You can look for these because you know what the PCR primers must look like.

But these viruses also mutate and change. This means that there are slightly different corona viruses every year. On the one hand, one has not searched for SARS-CoV2 PCR primers in the past, because they did not exist. This means that no SARS-CoV2 could be found or assigned to SARS-CoV2 primers.

On the other hand, PCR also leads to cross-reactions between different coronavirus strains, so that one does not know exactly what has been measured and assigned to the PCR primers used at that time.

Nobody knows what the set of all corona viruses looks like. I.e. nobody can say whether SARS-CoV2 has not existed before, because no one searched for it with SARS-CoV2 primers or whether SARS-CoV2 was measured with other (classic) primers due to cross-reactions. It is naive to think that biomedicine knows exactly what is in the cells. It is very far from that.

See also on cross-reactions of coronaviruses,

  • Patrick et al., “An Outbreak of Human Coronavirus OC43 Infection and Serological Cross-reactivity with SARS Coronavirus.”, Can J Infect Dis Med Microbiol. 2006 Nov; 17(6):330-6, https://www.ncbi.nlm.nih.gov/pubmed/18382647

This publication also underlines that classic corona viruses can have serious consequences in an older population (i.e. in a nursing home).

3) Zoonotic hypothesis
PCR cannot prove that SARS-CoV2 is new. And the meaning of the genetic distance between two types of virus is completely open. For the zoonotic hypothesis of SARS-CoV2, which is important for an increased pathogenicity (no time for adaptation), there is not the slightest proof, only guesswork.

There is also the question of why >85% of confirmed cases show no or only mild symptoms in case of a new pathogen? This suggests that large parts of the population are adapted to the pathogen, which speaks against a new pathogen.

What protects these people? Antibodies against classic coronaviruses? They cannot have antibodies against the new virus.

The fact that homologous gene sequences were found across the entire planet within a few weeks(!) is also no evidence of zoonosis. On the contrary, if the virus spreads so easily, why aren't the infection numbers much higher? It can be argued that the virus had time to spread. In Wuhan the new primers were only used for measurement first .

4) Cause of symptoms
There are a variety of viral pathogens that can cause mild or severe respiratory diseases, e.g. flu viruses. In all cases, this would have to be verified with PCR, or better not, to exclude it. However, if you only look for SARS-CoV2 with PCR, you will only find that or assign it to SARS-CoV2. It cannot be said whether it is (exclusively) the cause of the respiratory disease. The flu virus continues to exist. You can't tell from the fever or cough what pathogen it was. Molecular diagnosis is difficult. This is also because quantification of the viral load with PCR is very error-prone. The tremendous sensitivity of PCR can amplify even the tiniest amounts, a few viruses per ml. These are amounts that are so small that they cannot be associated with any acute symptom.

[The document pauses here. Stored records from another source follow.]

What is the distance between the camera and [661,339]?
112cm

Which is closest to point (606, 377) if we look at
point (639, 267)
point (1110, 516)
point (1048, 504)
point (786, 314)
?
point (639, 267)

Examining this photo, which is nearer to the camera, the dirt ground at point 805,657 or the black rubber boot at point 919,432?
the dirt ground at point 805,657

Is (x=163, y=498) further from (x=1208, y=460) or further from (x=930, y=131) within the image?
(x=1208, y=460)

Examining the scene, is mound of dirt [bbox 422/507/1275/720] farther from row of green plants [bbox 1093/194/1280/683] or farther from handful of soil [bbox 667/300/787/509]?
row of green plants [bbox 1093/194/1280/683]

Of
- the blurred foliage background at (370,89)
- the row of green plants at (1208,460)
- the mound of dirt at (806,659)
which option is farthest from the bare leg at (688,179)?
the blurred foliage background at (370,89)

Determining the cause of a disease is usually a very complex process that involves an in-depth and controversial discussion before agreeing(!) on what the current state of science is. At least it should be like that. With SARS-CoV2 it took a few weeks. It gives the impression that one has been waiting for years for a second SARS chance.

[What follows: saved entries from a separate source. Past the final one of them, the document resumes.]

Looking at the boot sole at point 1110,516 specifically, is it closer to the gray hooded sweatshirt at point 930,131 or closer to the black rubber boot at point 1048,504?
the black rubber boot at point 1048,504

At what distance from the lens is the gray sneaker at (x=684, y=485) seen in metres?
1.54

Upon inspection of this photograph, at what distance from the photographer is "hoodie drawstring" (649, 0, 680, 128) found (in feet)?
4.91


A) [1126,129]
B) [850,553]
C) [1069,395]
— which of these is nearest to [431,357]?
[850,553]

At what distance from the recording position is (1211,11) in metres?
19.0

The mood in biomedicine is like this. Everything that seems dangerous to fatal drives research forward. And research is always good. Can you ever know enough? However, instead of creating knowledge, it is often merely suffices to reach a somewhat contradiction-free consensus. That doesn't bother anyone as long as the research billions and profits flow.

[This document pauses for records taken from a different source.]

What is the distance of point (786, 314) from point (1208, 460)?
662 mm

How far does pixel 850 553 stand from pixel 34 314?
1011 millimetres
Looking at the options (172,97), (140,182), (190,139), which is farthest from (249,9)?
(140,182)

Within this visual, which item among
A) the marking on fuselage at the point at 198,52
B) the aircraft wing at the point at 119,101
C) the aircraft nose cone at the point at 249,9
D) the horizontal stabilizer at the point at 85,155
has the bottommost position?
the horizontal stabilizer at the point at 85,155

It does not matter that healthy people also carry many different viruses, some with vital tasks (human virome). Nor does it matter that many types of virus and strains are not pathogenic. To differentiate, one simply assumes ultra-specific methods. Dr. Drosten, the SARS (co)discoverer, has benefited disproportionately from these circumstances in the past.

Scientific standards exist for a good reason. And haste doesn't produce quality. Science, and with it politics, is now running behind. There it is easier to discredit valid arguments as fake news.